■ **Action item**
From the material below, copy exactly the lines beginning with the one that contains "Moshi Napa Funda" and ending with the one that contains "Free Ninja Planner Stickers - Dorky Doodles"; the pictures stay out.

■ **Supplied data**
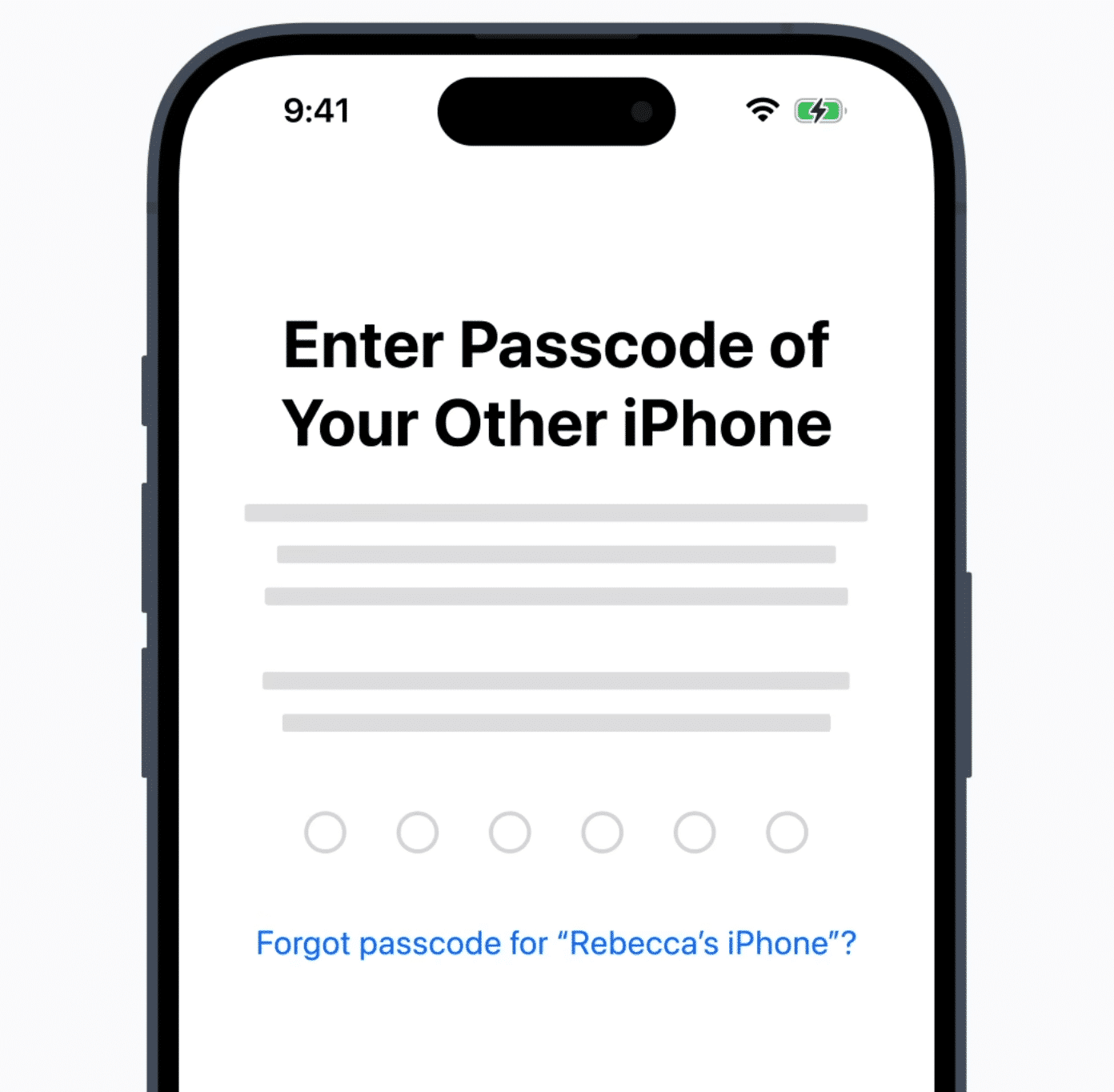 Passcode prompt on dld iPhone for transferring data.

==

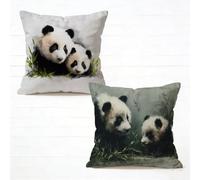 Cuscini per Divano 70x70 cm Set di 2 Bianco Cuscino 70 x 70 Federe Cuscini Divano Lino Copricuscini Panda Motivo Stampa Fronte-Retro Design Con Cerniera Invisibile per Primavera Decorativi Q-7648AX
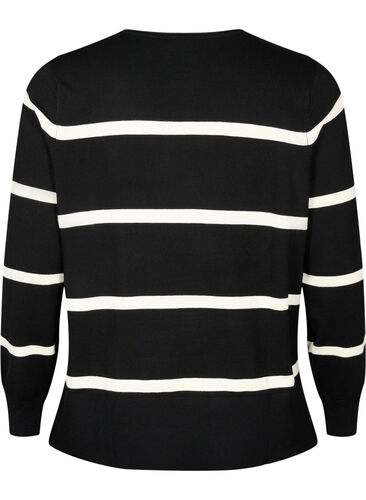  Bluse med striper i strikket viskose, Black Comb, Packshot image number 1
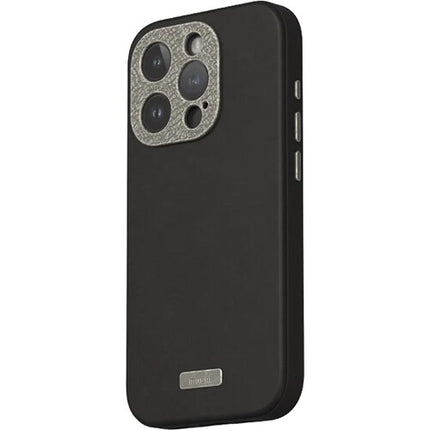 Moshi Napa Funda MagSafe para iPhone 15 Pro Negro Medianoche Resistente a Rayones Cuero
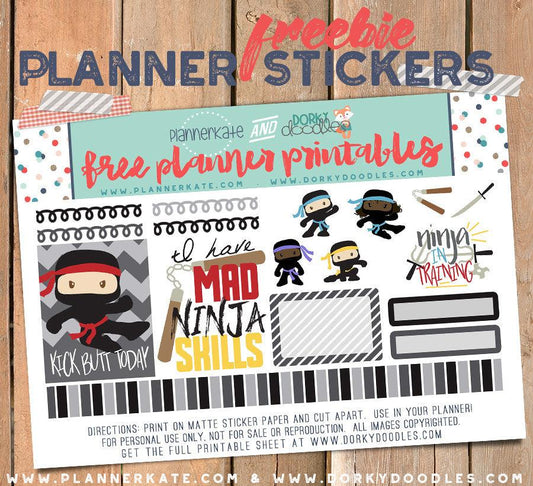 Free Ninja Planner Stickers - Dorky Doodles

---

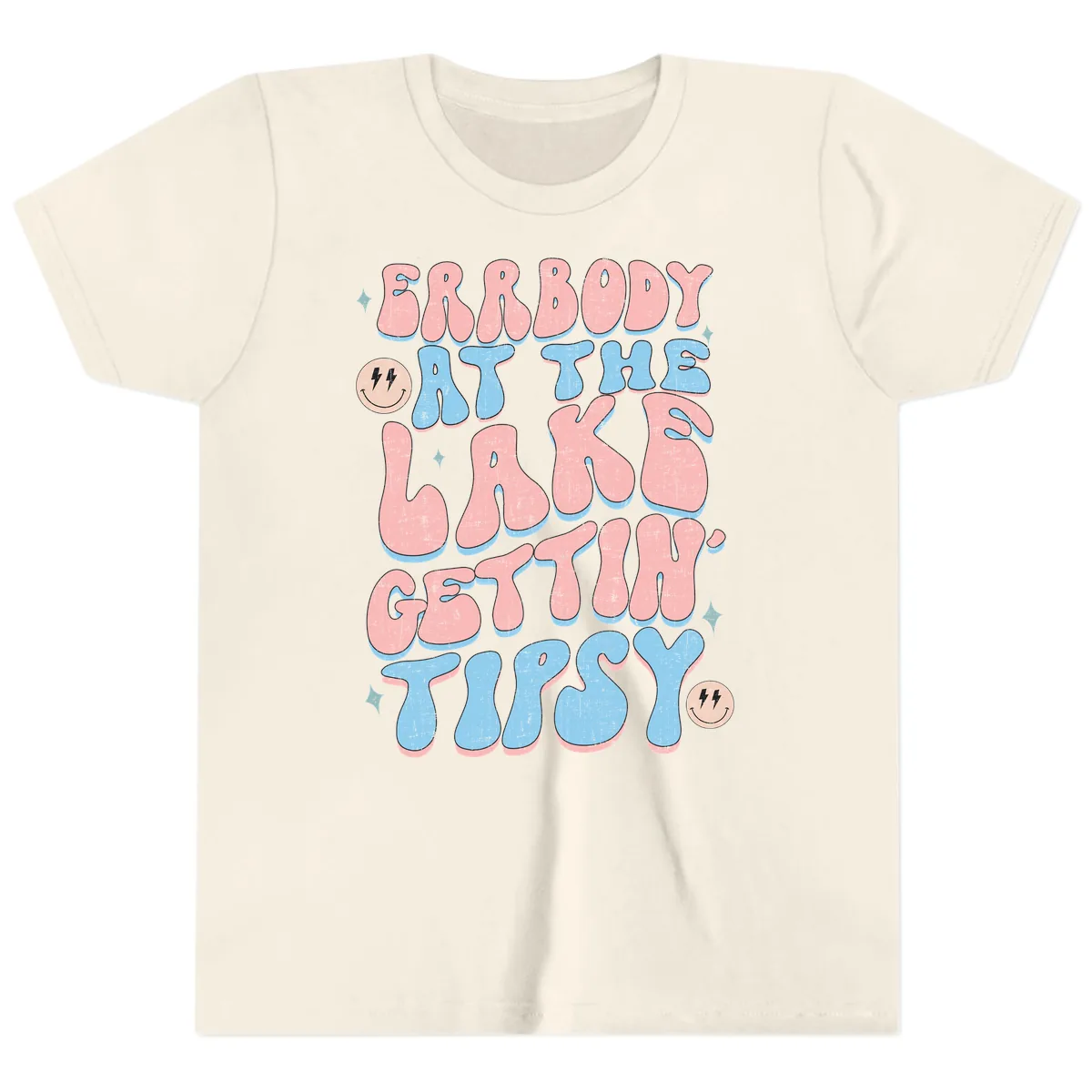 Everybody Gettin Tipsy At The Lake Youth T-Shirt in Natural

■ **Finished exercise**
 Moshi Napa Funda MagSafe para iPhone 15 Pro Negro Medianoche Resistente a Rayones Cuero
 Free Ninja Planner Stickers - Dorky Doodles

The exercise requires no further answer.